Buy on Amazon
From the New York Times bestselling author of Rules of Civility—a transporting novel about a man who is ordered to spend the rest of his life inside a luxury hotel With his breakout debut novel, Rules of Civility, Amor Towles established himself as a master of absorbing, sophisticated fiction, bringing late 1930s Manhattan to life with splendid atmosphere and a flawless command of style. A Gentleman in Moscow immerses us in another elegantly drawn era with the story of Count Alexander Rostov. When, in 1922, he is deemed an unrepentant aristocrat by a Bolshevik tribunal, the count is sentenced to house arrest in the Metropol, a grand hotel across the street from the Kremlin. Rostov, an indomitable man of erudition and wit, has never worked a day in his life, and must now live in an attic room while some of the most tumultuous decades in Russian history are unfolding outside the hotel’s doors. Unexpectedly, his reduced circumstances provide him a doorway into a much larger world of emotional discovery.
Brimming with humor, a glittering cast of characters, and one beautifully rendered scene after another, this singular novel casts a spell as it relates the count’s endeavor to gain a deeper understanding of what it means to be a man of purpose.
This book was so good. Words such as wonderful, spectacular and beautiful come to mind. The writing was simply wonderful. The story was beautiful. This book almost dripped with elegance. This book is not to be rushed. Do not read this book fast. Like a good glass of wine, this book should be savored and enjoyed slowly.
Count Alexander Rostov is deemed to be a unrepentant aristocrat by a Bolshevik tribunal in 1922. He is sentenced to house arrest at the Metropol Hotel, a hotel across the street from the Kremlin. The count, who has never worked a day in his life, had been living in luxury at the hotel when he was sentenced to house arrest. Now, he must live in attic quarters and leave most of his belonging behind. The items he does take with him have significant meaning to him. He never seems to pout or complain about this change in circumstances. He continues to maintain his schedule and even entertains quests in his attic room.
This book spans decades and shows how one man can build a life for himself no matter where he lives. The Count was able to build close and meaningful relationships with the staff and others living at the Hotel. He grows to think of himself as lucky. Stripped of his title, he is still a gentleman in every sense of the word. He holds his head high and lives a meaningful life. The saying you can’t buy class comes to mind. Even though the Count was stripped of most things, he still had class, dignity and grace.
He builds a relationship with Nina, a 9 year old with a sense of adventures who takes the count on adventures throughout the Hotel. This opens his eyes and he learns that there is much more to this Hotel and the people who work there. From then on, he continued to have adventures inside the hotel.

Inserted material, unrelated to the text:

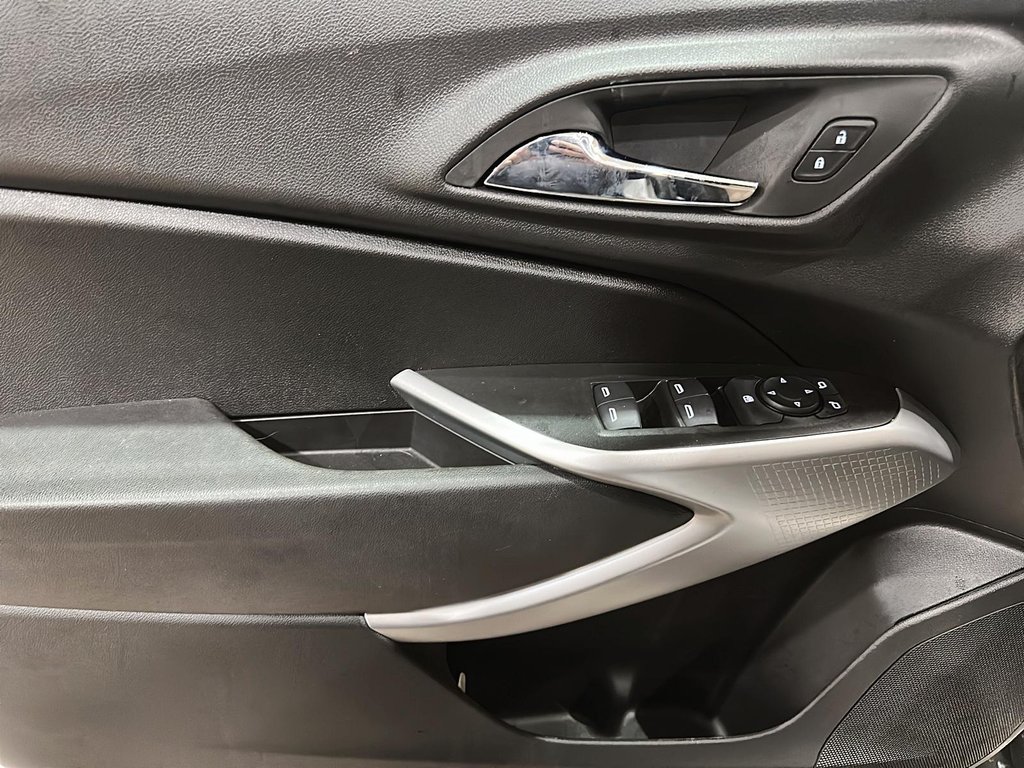 2025 Chevrolet Trax FWD 4dr LS in Brantford, Ontario - 10 - w1024h768px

The story has a lot of Russian history sprinkled throughout. It is vital for understanding the politics at that time and what was occurring outside of the walls of the hotel.
This book really took me by surprise. I really didn’t see this book coming. Of course I heard the bzz about this book, but I wasn’t sure with the description that I would enjoy it as much as I did. This book simply tipped toed up behind me and tapped me on the shoulder and begged to be read.